In altre parole, il movimento improvviso del fondo marino, che in questo caso è dovuto ad una scossa sismica, sposta una grande massa d’acqua, la quale in pochissimo tempo genera delle onde potentissime e di grandi dimensioni, in grado di provocare inondazioni devastanti e distruggere intere città costiere, come accadde nel 2004 nell’Oceano Indiano. La penisola italiana, a sua volta, nonostante non sia bagnata da un oceano, presenta alcune zone a forte rischio tsunami.
Le città italiane a rischio tsunami
L’Italia, come sappiamo, è caratterizzata da una fascia costiera lunga ben 8.300 chilometri, bagnata dal gigantesco Mar Mediterraneo. Questo, che si estende per circa 2,5 milioni di chilometri quadrati, è a sua volta formato da altri mari più piccoli come il Mar di Sicilia, il Mare di Sardegna, il Mar Tirreno, il Mar Ionio e il Mare Adriatico.
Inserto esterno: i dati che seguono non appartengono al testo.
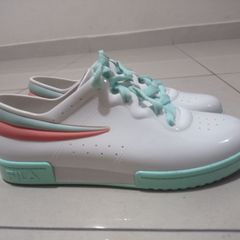 Tenis fila hot sale e melissa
Ci sono però delle zone, soprattutto nella parte meridionale della penisola italiana, in cui il rischio tsunami è più alto rispetto al resto del Paese. In passato – secondo gli storici e gli esperti che hanno studiato il nostro territorio – l’Italia è già stata colpita da potenti maremoti, i quali hanno distrutto intere città e ucciso tantissime persone.
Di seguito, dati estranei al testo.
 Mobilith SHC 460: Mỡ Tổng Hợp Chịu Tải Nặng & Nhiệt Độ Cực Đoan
Uno degli eventi più catastrofici della storia del nostro Paese è senza dubbio quello verificatosi nel 1908 a Messina e a Reggio Calabria. In quell’anno, un violento terremoto di magnitudo 7.1 colpì purtroppo lo Stretto di Messina e, successivamente, generò un devastante tsunami con onde alte tra i 6 e i 9,5 metri, che rase al suolo le due città. Secondo i dati giunti fino a noi, il catastrofico evento naturale provocò la morte di circa 80.000 persone.
Nel lontano 1693, un altro terremoto distruttivo, che generò anche un potentissimo maremoto, provocò la distruzione di circa 45 centri abitati e la morte di ben 60.000 persone. Questo drammatico evento, il cui epicentro delle scosse sismiche venne localizzato a Val di Noto (in quell’epoca una circoscrizione del Regno di Sicilia), creò in seguito uno tsunami che devastò anche lo Stretto di Messina e le Isole Eolie.
Altri tsunami distruttivi si verificarono poi a Scilla (provincia di Reggio Calabria) nel 1783, provocando la morte di circa 1.500 persone e nella zona del Gargano (in Puglia) nel 1627.